Organiser Nick de Viggiani said, “The coalition Government’s ‘Big Society’ political and economic goal is to reduce public spending by shrinking the public sector and engaging more effectively with voluntary, community and independent sector organisations. In the field of criminal justice, this implies the transfer of health, social welfare, education and resettlement activities to providers beyond the public sector.
“The involvement of VCS organisations with offenders and ex-offenders is not new, but the implication is for a wider playing field where organisations may openly bid for tenders, whilst demonstrating they can meet outcomes, address unmet need, and provide cost savings. Essentially, for a provider to bid for a tender, it should be able to demonstrate that it can effectively provide what it purports to provide, whether this be healthcare, education, social care, resettlement or reducing re-offending. A significant gap in this strategy is the lack of good evidence of what works.
“We have therefore organised the conference to debate the implications of the ‘Big Society’ reforms for the future of criminal justice services. Our goal is to discuss how to deliver effective, evidence-based practice, and we will showcase examples of best practice to demonstrate where the VCS organisations are already working with people in the criminal justice system.

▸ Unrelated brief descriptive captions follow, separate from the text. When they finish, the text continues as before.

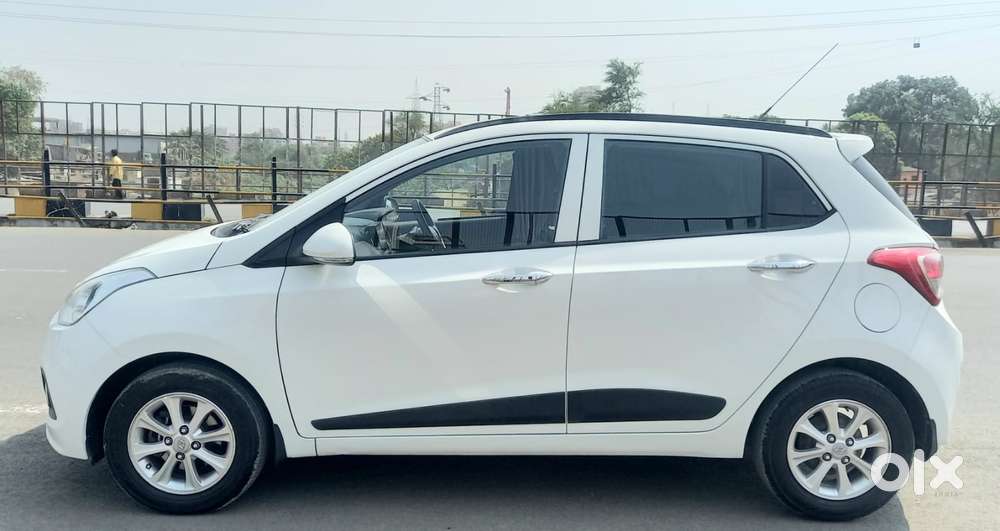 Hyundai Grand I10 Asta Automatic 1.2 Kappa Vtvt, 2016, Petrol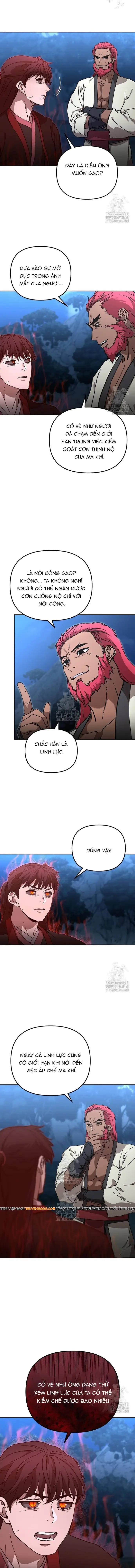 Thiên Ma Thần Giáo Phong Khởi Lạc Dương [Chap 34-38]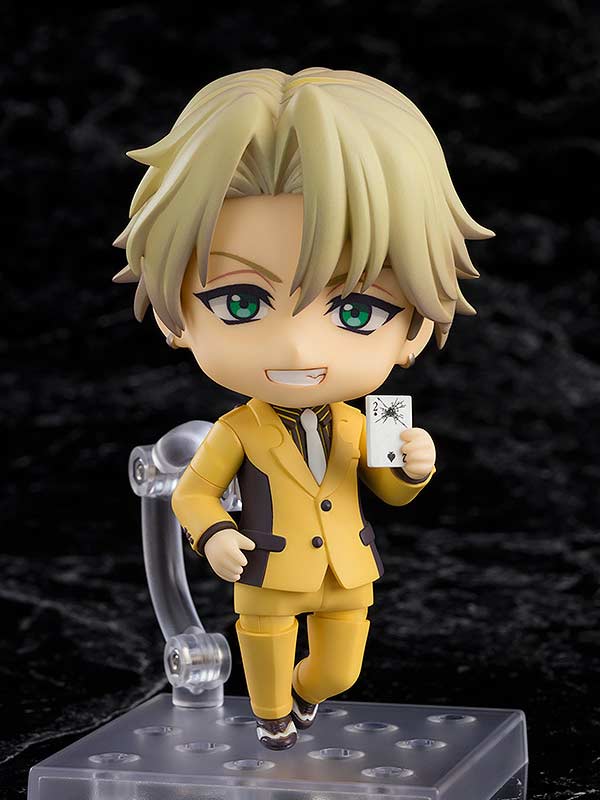 (PO) Nendoroid 2138 HIGH CARD - Finn Oldman Image_2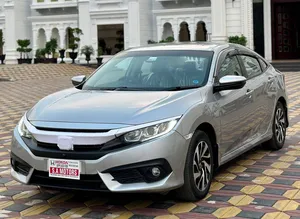 Honda Civic VTi Oriel Prosmatec 1.8 i-VTEC 2016 for Sale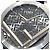 Fendi Runaway F Wristwatch - view 4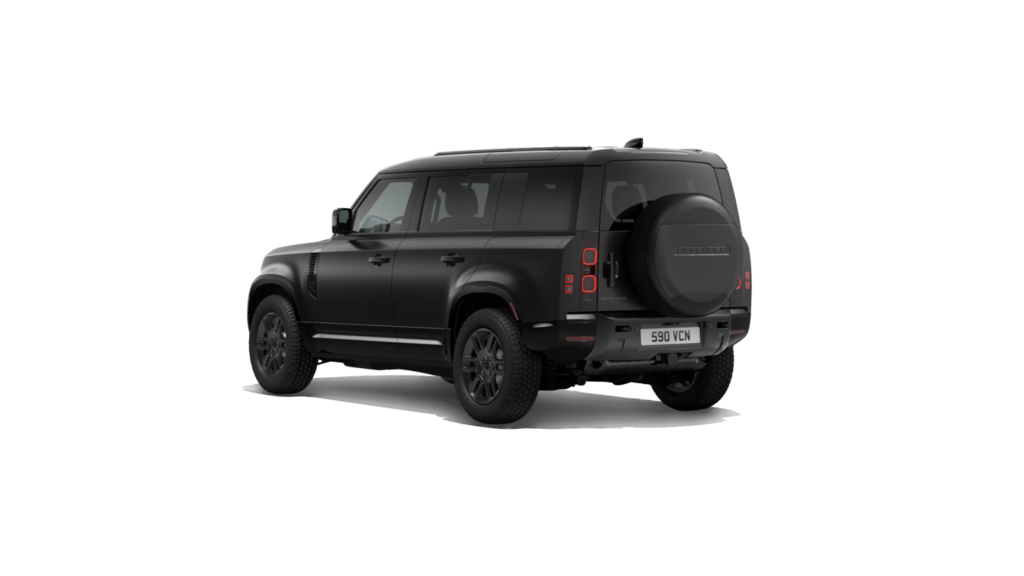 New 2026 Land Rover Defender 110 400PS X-Dynamic SE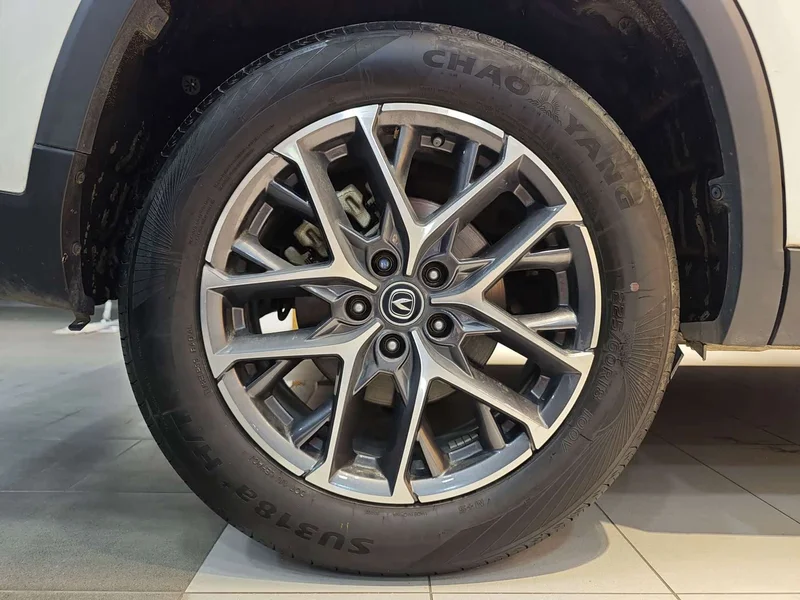 Changan CS75PLUS — фото 30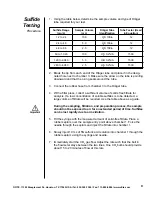 Предварительный просмотр 10 страницы OfiTE 151-00 Instruction Manual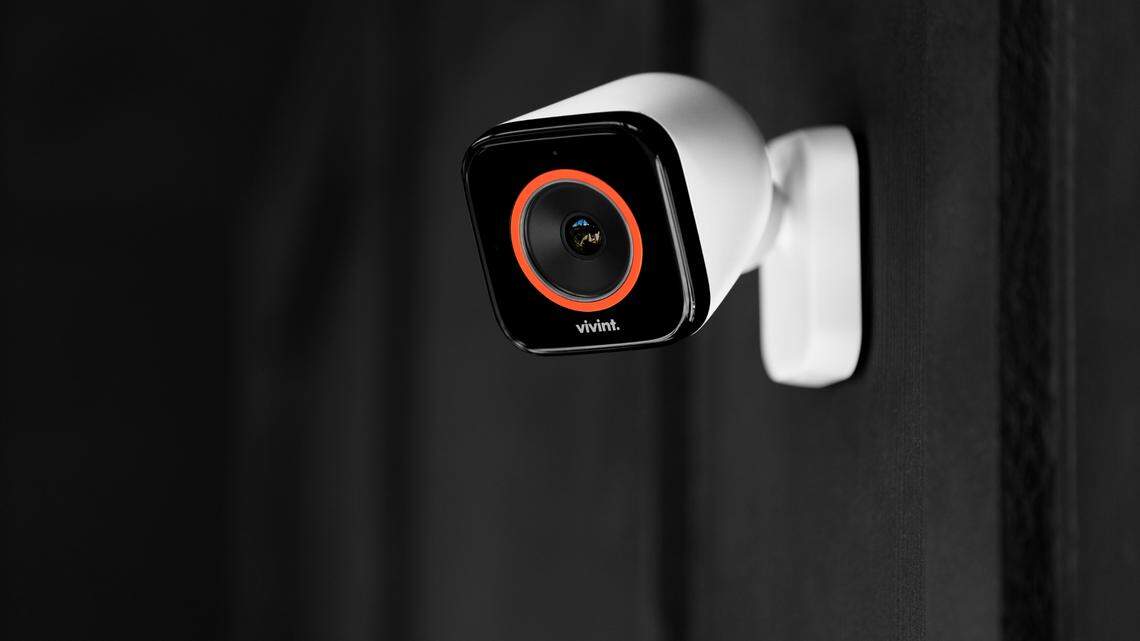 Two men were charged in New York after they were caught trying to burglarize a man’s house on a home security camera, the Niagara County sheriff’s office said.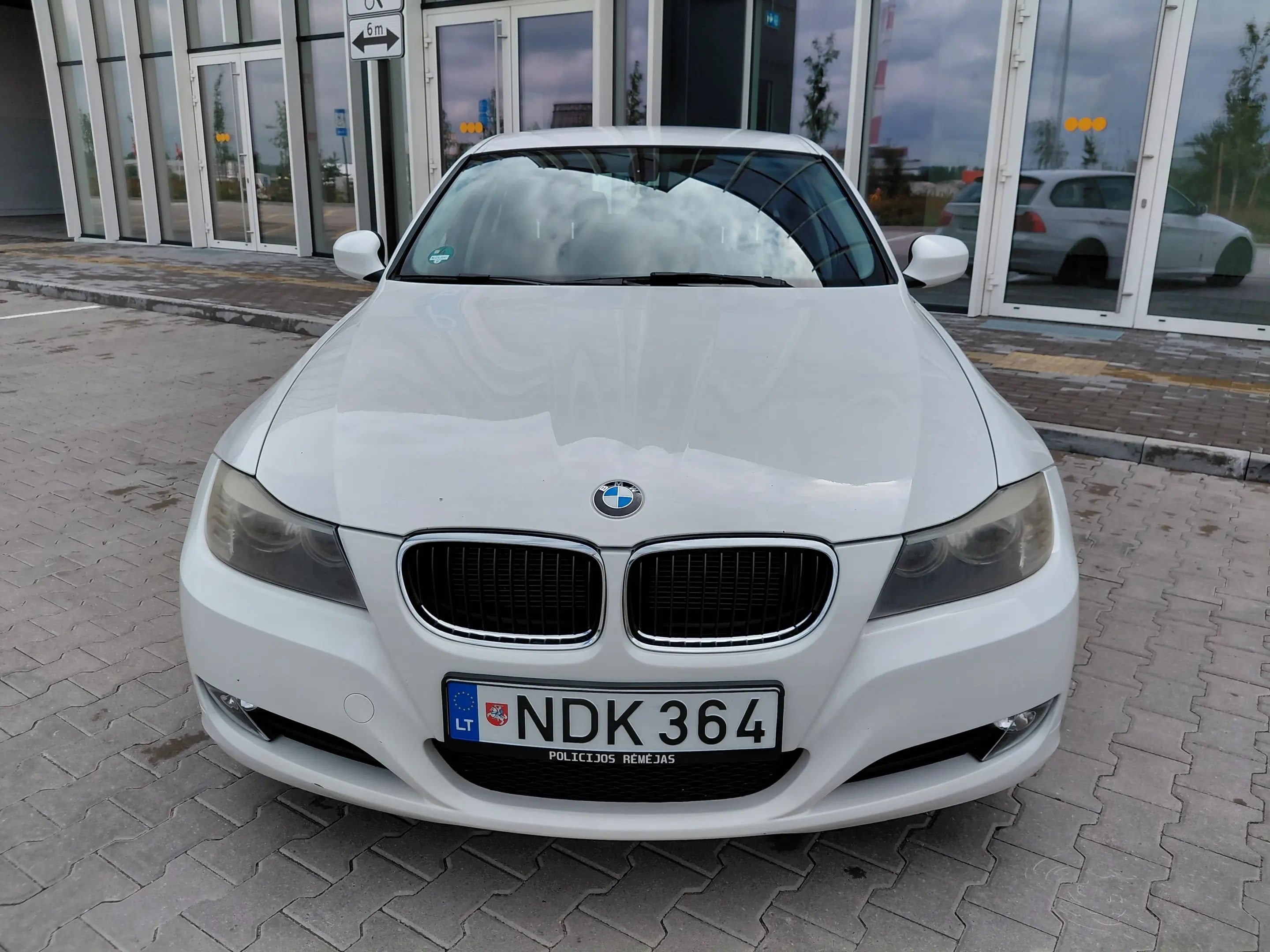 BMW 318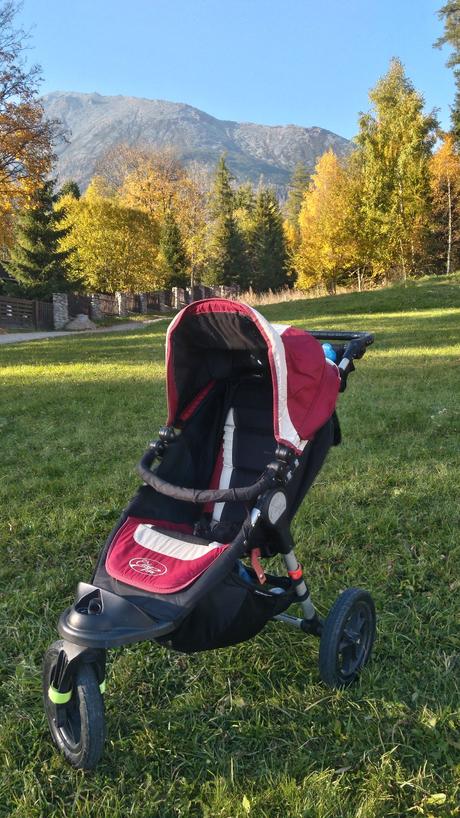 Baby jogger city elite - s fusakom a príslušenstvo, baby jogger,baby jogger city elite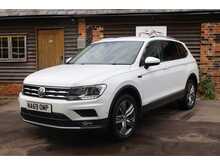 Volkswagen Tiguan Allspace TDI Match 
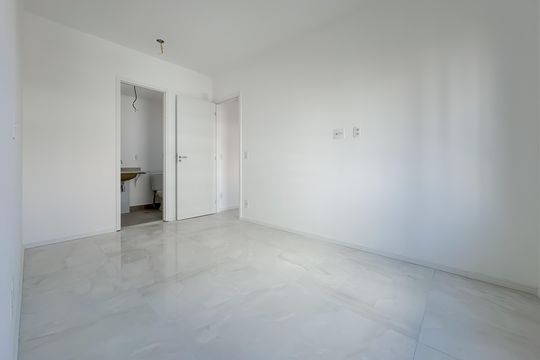Suíte de apartamento à venda com 2 quartos, 69m² em Vila Mariana, São Paulo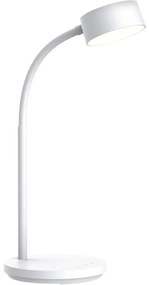 Solight WO3000-W - Lampada da tavolo LED dimmerabile LED/4,5W/5V 3000/4000/6500K bianco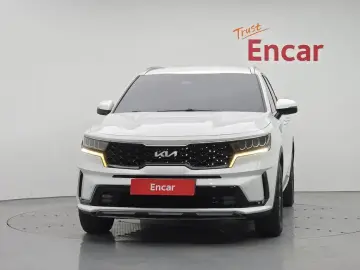 2022 Kia Sorento с пробегом 130 145 км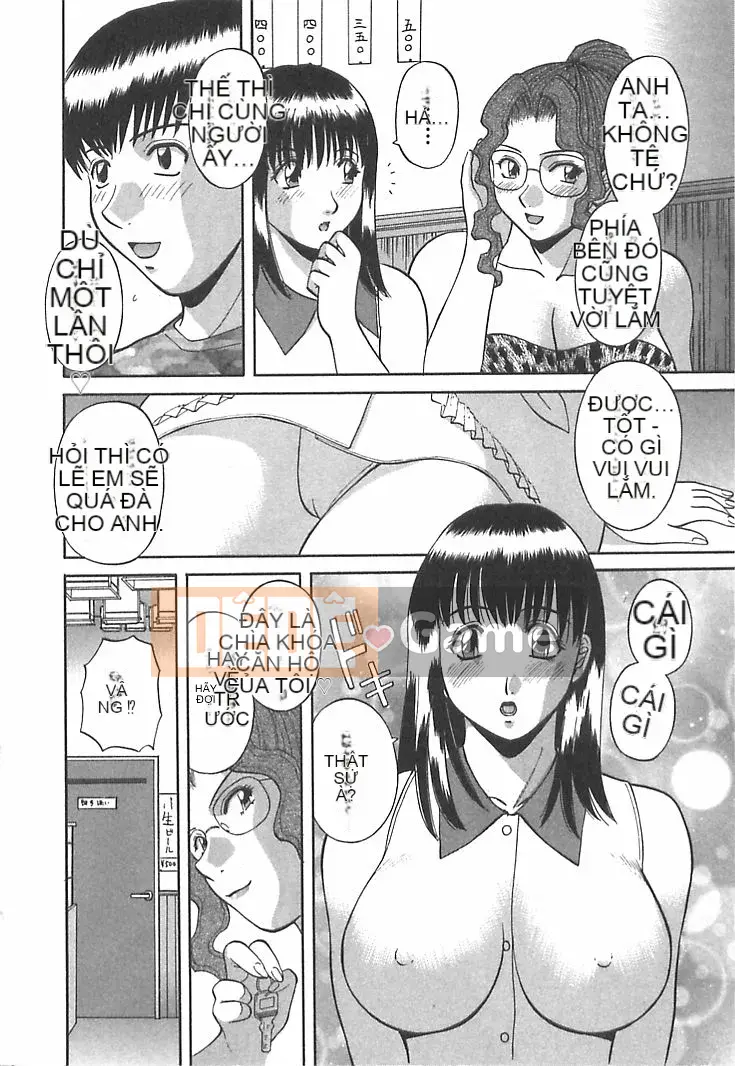 [Kawamori Misaki] Onee-sama ni Negai! 1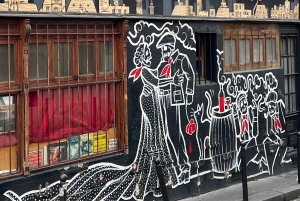 Pariisi: Hirviöt Pariisissa -kävelykierros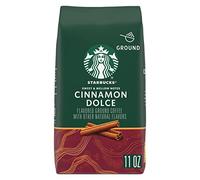 Starbucks Cinnamon Dolce Ground Coffee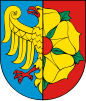 Coat of arms of Wodzisław Śląski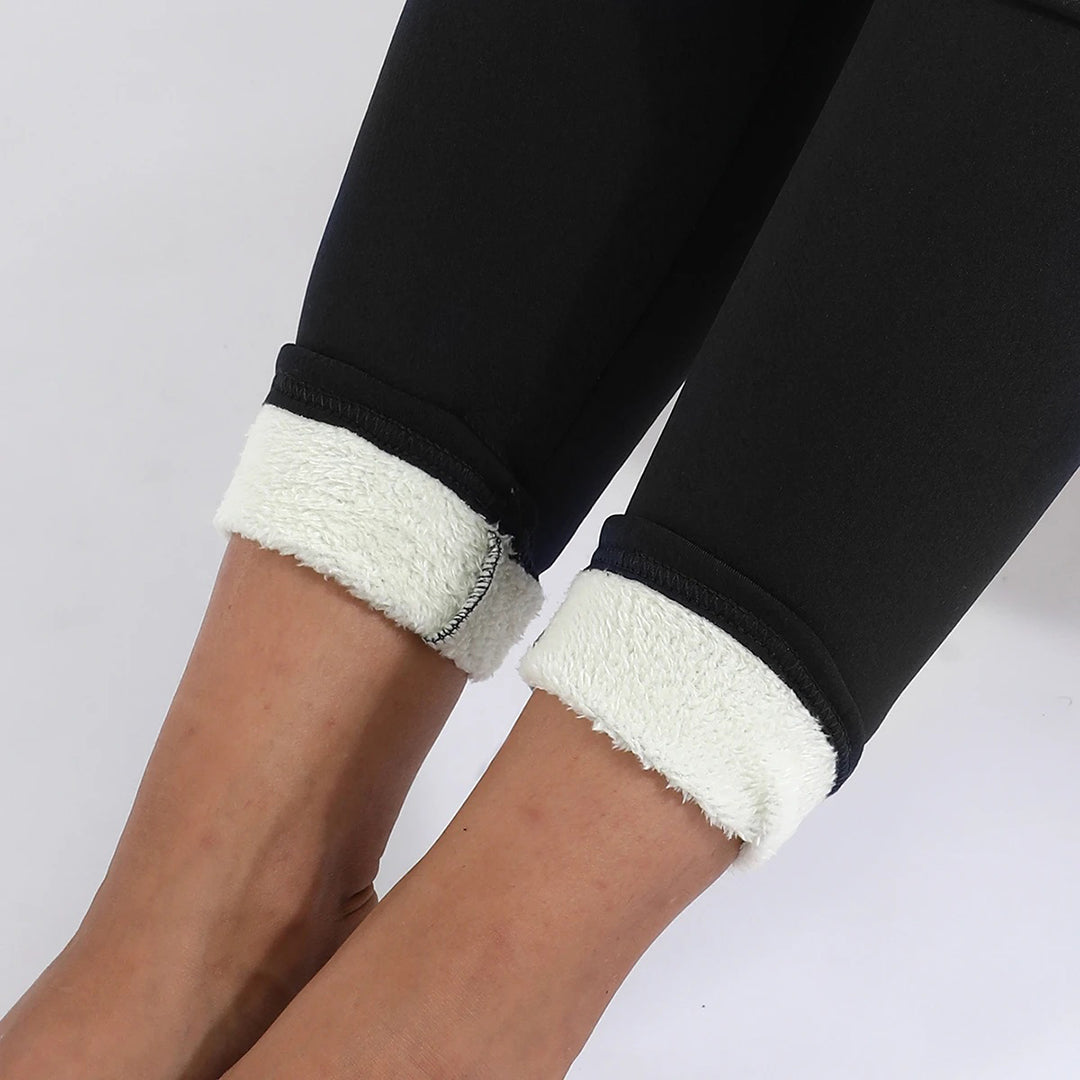 ELIZABETH - Warme winter legging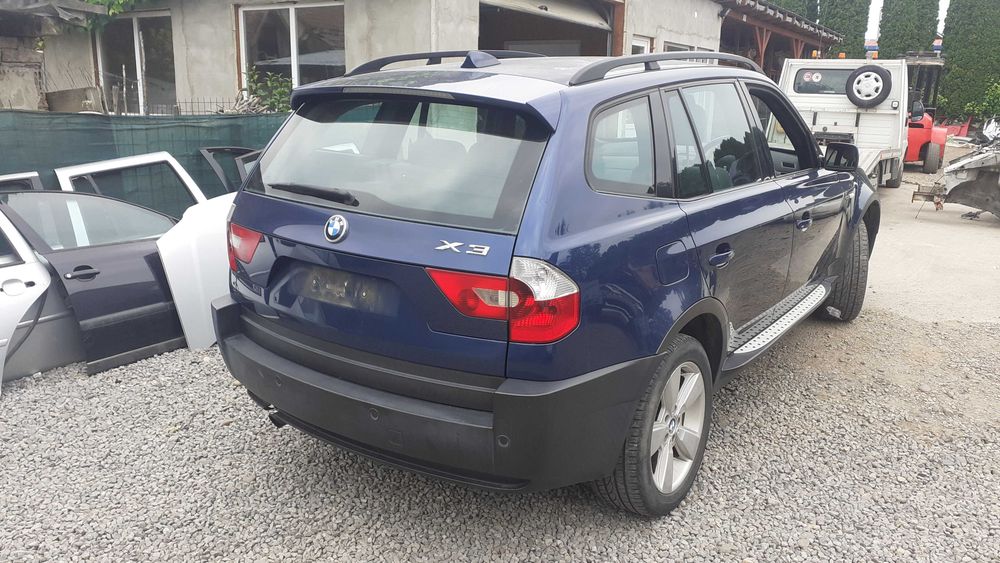 Dezmembrez Piese Bmw X3 din 2005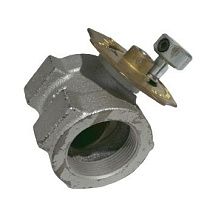 1122-3 Поворотный клапан производства NORTH AMERICAN MFG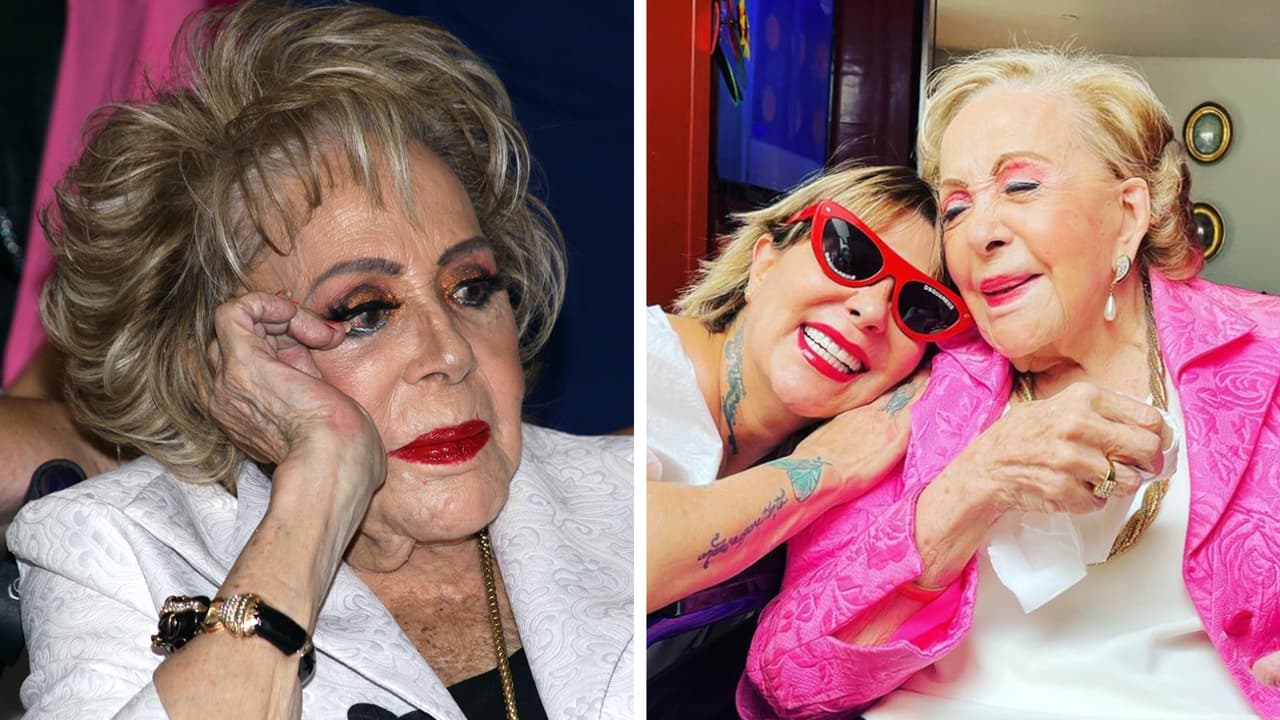 Luego de que 
<b>Silvia Pinal</b> reapareciera este fin de semana en un video en el que mandó un mensaje con todo y trompetilla a quienes "no la quieran ir a ver al teatro", sus hijos Alejandra y Luis Enrique Guzmán y Sylvia Pasquel fueron objeto de nuevos ataques.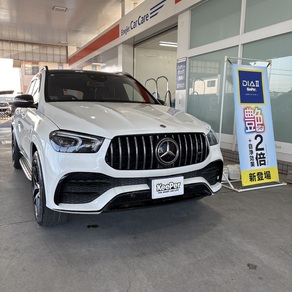 メルセデス・ベンツ・GLEクラス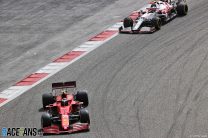 Carlos Sainz Jnr, Ferrari, Bahrain International Circuit, 2021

“A high proportion of people in the criminal system have complex health, social and welfare needs, many with chaotic backgrounds and histories. Voluntary and community sector organisations are highly experienced in dealing with the needs of offenders and can provide valuable interventions for people across the system, where conventional services struggle to engage effectively with offenders.
“We hope the conference will appeal to anyone working with people in the criminal justice system. VCS organisations who work with people in the criminal justice system will be able to share their experiences and join in the debate over the future of criminal justice provision. We expect that delegates will comprise a rich mix of people working within prisons, probation, the courts, the police service, youth justice, universities and the NHS.”
The conference will be chaired by Professor Rod Morgan, former Chair of the Youth Justice Board for England and Wales, and speakers will include Neil Carmichael, Conservative MP for Stroud; Juliet Lyon CBE, Director of Prison Reform Trust and Secretary General of Penal Reform International; Clive Martin, Director of Clinks; Lynn Emslie, Head of Offender Health for NHS South West, and Ali Smith, Director of Live Music Now South West.
Lynn Emslie said, “Making Society Just is the second of two events held in the South West in order to explore the concept of the Big Society and inform and influence effective partnership working. In line with current Government thinking, the public, private and voluntary sectors need to develop systems which will enable those people who are in contact with the criminal justice agencies to access timely, appropriate and cost effective services in order decrease health in-equalities and reduce re-offending.”